TASK TO COMPLETE:
Leaving the pictures aside, return the listing exactly as it appears.

INFORMATION SUPPLIED:
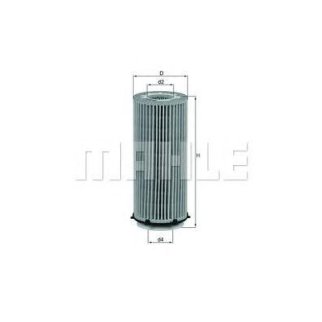 Фильтр масляный KNECHT _OX560D фото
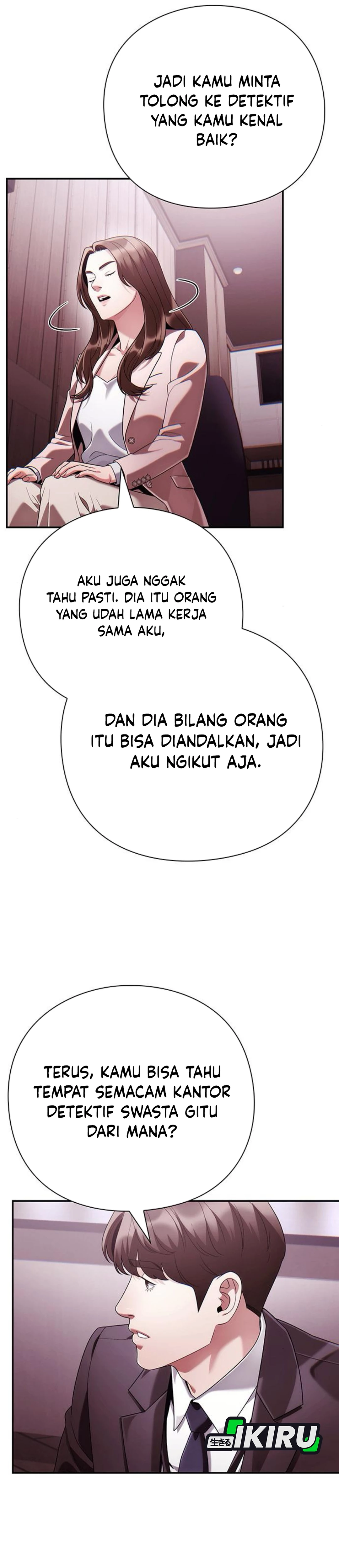 Office Worker Who Sees Fate Chapter 129 Gambar 18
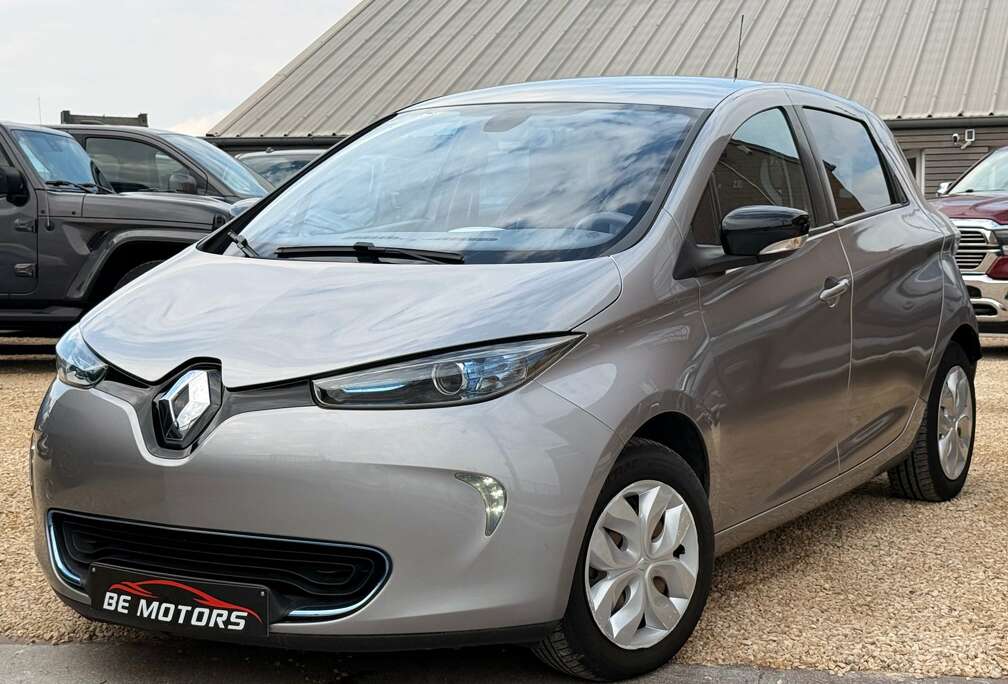 Renault Q210 43KW - 22 kWh - 88CV - R240 *BATTERIE ACHETEE* AIRCO GPS R-LINK - CRUISE CONTROLE - BLUETOOTH - POMPE A CHALEUR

EXERCISE OUTPUT:
 Фильтр масляный KNECHT _OX560D фото
 Office Worker Who Sees Fate Chapter 129 Gambar 18
 Renault Q210 43KW - 22 kWh - 88CV - R240 *BATTERIE ACHETEE* AIRCO GPS R-LINK - CRUISE CONTROLE - BLUETOOTH - POMPE A CHALEUR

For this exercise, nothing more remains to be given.